Assigned task: Would you set down each line of the data below exactly?

START Source data

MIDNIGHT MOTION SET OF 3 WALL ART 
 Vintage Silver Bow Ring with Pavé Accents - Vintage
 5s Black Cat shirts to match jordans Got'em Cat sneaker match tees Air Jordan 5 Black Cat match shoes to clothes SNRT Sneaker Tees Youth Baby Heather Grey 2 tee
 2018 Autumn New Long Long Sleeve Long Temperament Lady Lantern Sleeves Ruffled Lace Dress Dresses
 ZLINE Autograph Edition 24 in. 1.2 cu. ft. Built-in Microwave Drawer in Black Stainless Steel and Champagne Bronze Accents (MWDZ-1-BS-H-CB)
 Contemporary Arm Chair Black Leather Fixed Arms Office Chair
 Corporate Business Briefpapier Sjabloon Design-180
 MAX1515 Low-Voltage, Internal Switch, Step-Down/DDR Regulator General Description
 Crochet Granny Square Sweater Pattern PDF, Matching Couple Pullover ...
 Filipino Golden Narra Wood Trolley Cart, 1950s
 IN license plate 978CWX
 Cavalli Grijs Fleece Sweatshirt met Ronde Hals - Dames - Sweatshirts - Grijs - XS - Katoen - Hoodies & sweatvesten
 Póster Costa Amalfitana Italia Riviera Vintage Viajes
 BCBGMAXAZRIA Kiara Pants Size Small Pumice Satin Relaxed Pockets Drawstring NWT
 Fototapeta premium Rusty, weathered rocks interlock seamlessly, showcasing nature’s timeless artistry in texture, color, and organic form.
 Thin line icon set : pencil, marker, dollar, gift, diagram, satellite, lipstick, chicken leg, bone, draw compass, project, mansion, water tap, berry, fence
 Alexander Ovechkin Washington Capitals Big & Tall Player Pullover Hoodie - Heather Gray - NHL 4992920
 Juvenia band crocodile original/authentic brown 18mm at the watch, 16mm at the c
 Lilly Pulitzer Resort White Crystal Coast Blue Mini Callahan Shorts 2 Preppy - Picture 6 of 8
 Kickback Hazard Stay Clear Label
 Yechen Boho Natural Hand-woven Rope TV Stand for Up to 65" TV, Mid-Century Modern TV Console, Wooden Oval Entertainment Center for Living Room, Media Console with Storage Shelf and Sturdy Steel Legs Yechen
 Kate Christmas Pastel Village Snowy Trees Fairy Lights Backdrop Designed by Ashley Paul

END Source data

Written response:
MIDNIGHT MOTION SET OF 3 WALL ART 
 Vintage Silver Bow Ring with Pavé Accents - Vintage
 5s Black Cat shirts to match jordans Got'em Cat sneaker match tees Air Jordan 5 Black Cat match shoes to clothes SNRT Sneaker Tees Youth Baby Heather Grey 2 tee
 2018 Autumn New Long Long Sleeve Long Temperament Lady Lantern Sleeves Ruffled Lace Dress Dresses
 ZLINE Autograph Edition 24 in. 1.2 cu. ft. Built-in Microwave Drawer in Black Stainless Steel and Champagne Bronze Accents (MWDZ-1-BS-H-CB)
 Contemporary Arm Chair Black Leather Fixed Arms Office Chair
 Corporate Business Briefpapier Sjabloon Design-180
 MAX1515 Low-Voltage, Internal Switch, Step-Down/DDR Regulator General Description
 Crochet Granny Square Sweater Pattern PDF, Matching Couple Pullover ...
 Filipino Golden Narra Wood Trolley Cart, 1950s
 IN license plate 978CWX
 Cavalli Grijs Fleece Sweatshirt met Ronde Hals - Dames - Sweatshirts - Grijs - XS - Katoen - Hoodies & sweatvesten
 Póster Costa Amalfitana Italia Riviera Vintage Viajes
 BCBGMAXAZRIA Kiara Pants Size Small Pumice Satin Relaxed Pockets Drawstring NWT
 Fototapeta premium Rusty, weathered rocks interlock seamlessly, showcasing nature’s timeless artistry in texture, color, and organic form.
 Thin line icon set : pencil, marker, dollar, gift, diagram, satellite, lipstick, chicken leg, bone, draw compass, project, mansion, water tap, berry, fence
 Alexander Ovechkin Washington Capitals Big & Tall Player Pullover Hoodie - Heather Gray - NHL 4992920
 Juvenia band crocodile original/authentic brown 18mm at the watch, 16mm at the c
 Lilly Pulitzer Resort White Crystal Coast Blue Mini Callahan Shorts 2 Preppy - Picture 6 of 8
 Kickback Hazard Stay Clear Label
 Yechen Boho Natural Hand-woven Rope TV Stand for Up to 65" TV, Mid-Century Modern TV Console, Wooden Oval Entertainment Center for Living Room, Media Console with Storage Shelf and Sturdy Steel Legs Yechen
 Kate Christmas Pastel Village Snowy Trees Fairy Lights Backdrop Designed by Ashley Paul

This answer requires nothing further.